Sarat Bose went to Great Britain and was called to the bar from Lincoln’s Inn and had a lucrative legal career before the Calcutta High Court for more than three decades. Meanwhile, his more impetuous and devoted younger brother was dismissed from college for involvement in an attack on a British professor who had insulted India. However, Subhas Bose continued his education at Scottish Churches College, graduated, and went on to secure a high position in the examination for the Indian Civil Service in 1920.

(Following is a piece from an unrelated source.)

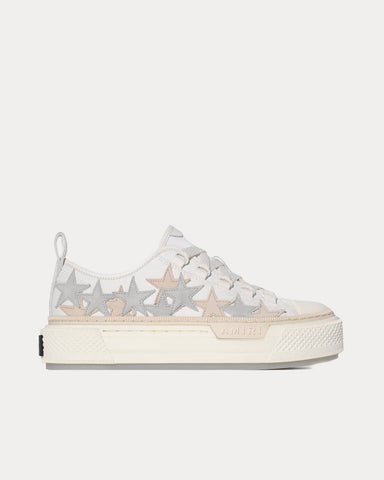 AMIRI Stars Court Low White / Grey Low Top Sneakers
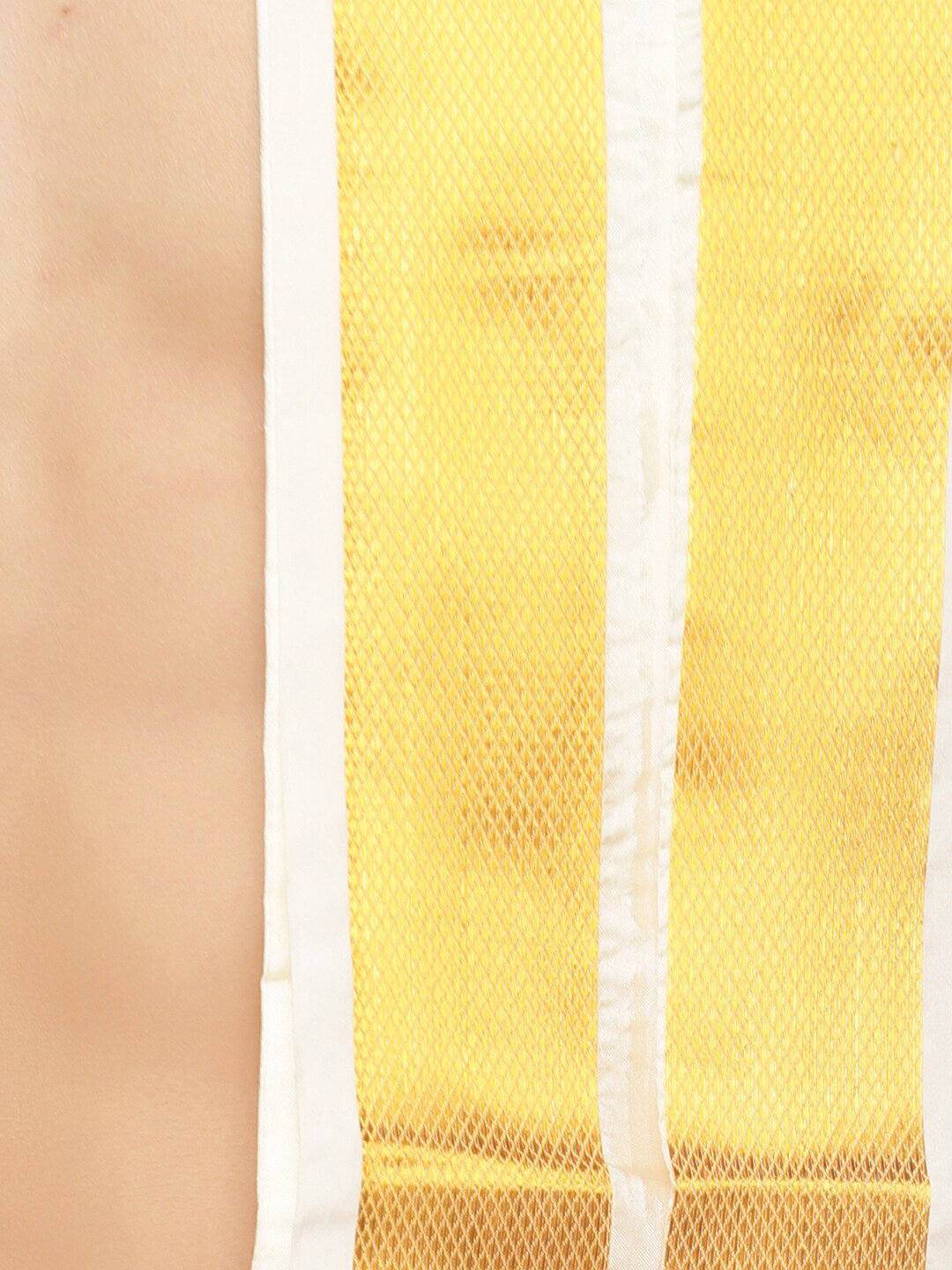 Sethukrishna Cream-Coloured Solid Dhoti For Men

Preferring to work in the nationalist movement led by Mahatma Gandhi (1869–1948), Subhas Bose resigned from the civil service and joined the struggle against British rule in his home province of Bengal. In 1924 he became chief executive officer of the Calcutta Corporation (city government), but was arrested soon thereafter for suspicion of smuggling arms. He was imprisoned in Burma and released in 1927. Meanwhile, his activity drew his older brother into nationalist politics and Calcutta affairs.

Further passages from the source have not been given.